Source data

* * *

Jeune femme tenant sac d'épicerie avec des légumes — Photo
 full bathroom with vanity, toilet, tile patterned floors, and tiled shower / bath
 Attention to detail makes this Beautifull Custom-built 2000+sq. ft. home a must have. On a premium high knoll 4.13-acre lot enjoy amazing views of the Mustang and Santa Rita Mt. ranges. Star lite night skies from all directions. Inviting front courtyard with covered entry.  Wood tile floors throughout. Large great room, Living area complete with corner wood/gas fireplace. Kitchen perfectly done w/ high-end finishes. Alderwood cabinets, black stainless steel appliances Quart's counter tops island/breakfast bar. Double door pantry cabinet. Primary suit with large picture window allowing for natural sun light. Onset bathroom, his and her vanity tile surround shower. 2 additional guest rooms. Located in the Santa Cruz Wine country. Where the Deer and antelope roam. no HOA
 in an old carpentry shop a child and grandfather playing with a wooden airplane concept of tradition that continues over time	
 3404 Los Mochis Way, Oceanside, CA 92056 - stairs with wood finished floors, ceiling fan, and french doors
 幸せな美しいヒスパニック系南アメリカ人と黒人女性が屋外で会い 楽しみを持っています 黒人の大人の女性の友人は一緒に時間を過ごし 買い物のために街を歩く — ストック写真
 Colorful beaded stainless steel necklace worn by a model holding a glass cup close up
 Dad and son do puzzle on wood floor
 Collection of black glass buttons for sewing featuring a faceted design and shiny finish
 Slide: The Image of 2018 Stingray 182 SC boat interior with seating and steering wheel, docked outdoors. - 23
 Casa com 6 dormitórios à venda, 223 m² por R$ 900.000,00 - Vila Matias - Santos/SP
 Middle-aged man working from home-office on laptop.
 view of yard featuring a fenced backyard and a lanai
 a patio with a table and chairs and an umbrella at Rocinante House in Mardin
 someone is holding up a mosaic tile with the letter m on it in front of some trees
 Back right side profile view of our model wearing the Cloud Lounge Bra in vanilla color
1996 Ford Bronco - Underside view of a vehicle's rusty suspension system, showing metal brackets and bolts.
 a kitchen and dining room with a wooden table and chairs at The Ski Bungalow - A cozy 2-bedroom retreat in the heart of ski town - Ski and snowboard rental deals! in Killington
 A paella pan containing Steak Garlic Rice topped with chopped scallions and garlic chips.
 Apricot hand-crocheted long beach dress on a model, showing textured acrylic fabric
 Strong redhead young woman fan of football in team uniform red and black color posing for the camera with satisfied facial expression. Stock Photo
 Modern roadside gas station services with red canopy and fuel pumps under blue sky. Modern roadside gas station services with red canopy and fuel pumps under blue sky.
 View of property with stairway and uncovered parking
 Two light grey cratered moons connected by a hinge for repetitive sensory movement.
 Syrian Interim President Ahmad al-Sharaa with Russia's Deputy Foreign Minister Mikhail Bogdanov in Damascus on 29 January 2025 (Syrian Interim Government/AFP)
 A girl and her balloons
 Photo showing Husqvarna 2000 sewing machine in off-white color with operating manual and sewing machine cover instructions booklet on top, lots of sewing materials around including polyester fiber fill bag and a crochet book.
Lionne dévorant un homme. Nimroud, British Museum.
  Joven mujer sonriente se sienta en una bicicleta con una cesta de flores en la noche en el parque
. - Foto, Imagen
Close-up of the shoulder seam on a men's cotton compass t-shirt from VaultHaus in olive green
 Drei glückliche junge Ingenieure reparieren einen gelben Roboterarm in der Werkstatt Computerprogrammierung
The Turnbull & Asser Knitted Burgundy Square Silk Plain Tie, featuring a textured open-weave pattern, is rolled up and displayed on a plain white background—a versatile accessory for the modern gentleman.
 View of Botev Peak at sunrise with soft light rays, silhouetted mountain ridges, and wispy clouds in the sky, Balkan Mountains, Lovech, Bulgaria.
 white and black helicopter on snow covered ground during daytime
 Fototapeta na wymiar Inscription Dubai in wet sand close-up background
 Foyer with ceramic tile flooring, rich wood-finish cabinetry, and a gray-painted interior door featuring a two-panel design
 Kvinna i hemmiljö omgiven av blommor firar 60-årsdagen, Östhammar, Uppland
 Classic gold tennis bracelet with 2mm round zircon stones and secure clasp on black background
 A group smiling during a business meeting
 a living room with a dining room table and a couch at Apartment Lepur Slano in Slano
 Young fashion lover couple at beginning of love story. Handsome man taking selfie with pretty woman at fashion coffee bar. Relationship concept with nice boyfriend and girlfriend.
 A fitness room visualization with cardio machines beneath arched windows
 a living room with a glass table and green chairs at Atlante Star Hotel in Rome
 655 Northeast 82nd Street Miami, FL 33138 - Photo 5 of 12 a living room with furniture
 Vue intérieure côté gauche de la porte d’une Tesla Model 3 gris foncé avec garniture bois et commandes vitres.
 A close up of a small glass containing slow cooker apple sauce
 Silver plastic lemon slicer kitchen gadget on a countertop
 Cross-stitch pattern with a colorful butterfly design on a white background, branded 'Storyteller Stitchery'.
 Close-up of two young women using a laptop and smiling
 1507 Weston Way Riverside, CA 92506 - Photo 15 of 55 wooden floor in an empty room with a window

* * *

- ACTIVITY
Produce a word-for-word restatement of all the records.

- RESPONSE AREA
Jeune femme tenant sac d'épicerie avec des légumes — Photo
 full bathroom with vanity, toilet, tile patterned floors, and tiled shower / bath
 Attention to detail makes this Beautifull Custom-built 2000+sq. ft. home a must have. On a premium high knoll 4.13-acre lot enjoy amazing views of the Mustang and Santa Rita Mt. ranges. Star lite night skies from all directions. Inviting front courtyard with covered entry.  Wood tile floors throughout. Large great room, Living area complete with corner wood/gas fireplace. Kitchen perfectly done w/ high-end finishes. Alderwood cabinets, black stainless steel appliances Quart's counter tops island/breakfast bar. Double door pantry cabinet. Primary suit with large picture window allowing for natural sun light. Onset bathroom, his and her vanity tile surround shower. 2 additional guest rooms. Located in the Santa Cruz Wine country. Where the Deer and antelope roam. no HOA
 in an old carpentry shop a child and grandfather playing with a wooden airplane concept of tradition that continues over time	
 3404 Los Mochis Way, Oceanside, CA 92056 - stairs with wood finished floors, ceiling fan, and french doors
 幸せな美しいヒスパニック系南アメリカ人と黒人女性が屋外で会い 楽しみを持っています 黒人の大人の女性の友人は一緒に時間を過ごし 買い物のために街を歩く — ストック写真
 Colorful beaded stainless steel necklace worn by a model holding a glass cup close up
 Dad and son do puzzle on wood floor
 Collection of black glass buttons for sewing featuring a faceted design and shiny finish
 Slide: The Image of 2018 Stingray 182 SC boat interior with seating and steering wheel, docked outdoors. - 23
 Casa com 6 dormitórios à venda, 223 m² por R$ 900.000,00 - Vila Matias - Santos/SP
 Middle-aged man working from home-office on laptop.
 view of yard featuring a fenced backyard and a lanai
 a patio with a table and chairs and an umbrella at Rocinante House in Mardin
 someone is holding up a mosaic tile with the letter m on it in front of some trees
 Back right side profile view of our model wearing the Cloud Lounge Bra in vanilla color
1996 Ford Bronco - Underside view of a vehicle's rusty suspension system, showing metal brackets and bolts.
 a kitchen and dining room with a wooden table and chairs at The Ski Bungalow - A cozy 2-bedroom retreat in the heart of ski town - Ski and snowboard rental deals! in Killington
 A paella pan containing Steak Garlic Rice topped with chopped scallions and garlic chips.
 Apricot hand-crocheted long beach dress on a model, showing textured acrylic fabric
 Strong redhead young woman fan of football in team uniform red and black color posing for the camera with satisfied facial expression. Stock Photo
 Modern roadside gas station services with red canopy and fuel pumps under blue sky. Modern roadside gas station services with red canopy and fuel pumps under blue sky.
 View of property with stairway and uncovered parking
 Two light grey cratered moons connected by a hinge for repetitive sensory movement.
 Syrian Interim President Ahmad al-Sharaa with Russia's Deputy Foreign Minister Mikhail Bogdanov in Damascus on 29 January 2025 (Syrian Interim Government/AFP)
 A girl and her balloons
 Photo showing Husqvarna 2000 sewing machine in off-white color with operating manual and sewing machine cover instructions booklet on top, lots of sewing materials around including polyester fiber fill bag and a crochet book.
Lionne dévorant un homme. Nimroud, British Museum.
  Joven mujer sonriente se sienta en una bicicleta con una cesta de flores en la noche en el parque
. - Foto, Imagen
Close-up of the shoulder seam on a men's cotton compass t-shirt from VaultHaus in olive green
 Drei glückliche junge Ingenieure reparieren einen gelben Roboterarm in der Werkstatt Computerprogrammierung
The Turnbull & Asser Knitted Burgundy Square Silk Plain Tie, featuring a textured open-weave pattern, is rolled up and displayed on a plain white background—a versatile accessory for the modern gentleman.
 View of Botev Peak at sunrise with soft light rays, silhouetted mountain ridges, and wispy clouds in the sky, Balkan Mountains, Lovech, Bulgaria.
 white and black helicopter on snow covered ground during daytime
 Fototapeta na wymiar Inscription Dubai in wet sand close-up background
 Foyer with ceramic tile flooring, rich wood-finish cabinetry, and a gray-painted interior door featuring a two-panel design
 Kvinna i hemmiljö omgiven av blommor firar 60-årsdagen, Östhammar, Uppland
 Classic gold tennis bracelet with 2mm round zircon stones and secure clasp on black background
 A group smiling during a business meeting
 a living room with a dining room table and a couch at Apartment Lepur Slano in Slano
 Young fashion lover couple at beginning of love story. Handsome man taking selfie with pretty woman at fashion coffee bar. Relationship concept with nice boyfriend and girlfriend.
 A fitness room visualization with cardio machines beneath arched windows
 a living room with a glass table and green chairs at Atlante Star Hotel in Rome
 655 Northeast 82nd Street Miami, FL 33138 - Photo 5 of 12 a living room with furniture
 Vue intérieure côté gauche de la porte d’une Tesla Model 3 gris foncé avec garniture bois et commandes vitres.
 A close up of a small glass containing slow cooker apple sauce
 Silver plastic lemon slicer kitchen gadget on a countertop
 Cross-stitch pattern with a colorful butterfly design on a white background, branded 'Storyteller Stitchery'.
 Close-up of two young women using a laptop and smiling
 1507 Weston Way Riverside, CA 92506 - Photo 15 of 55 wooden floor in an empty room with a window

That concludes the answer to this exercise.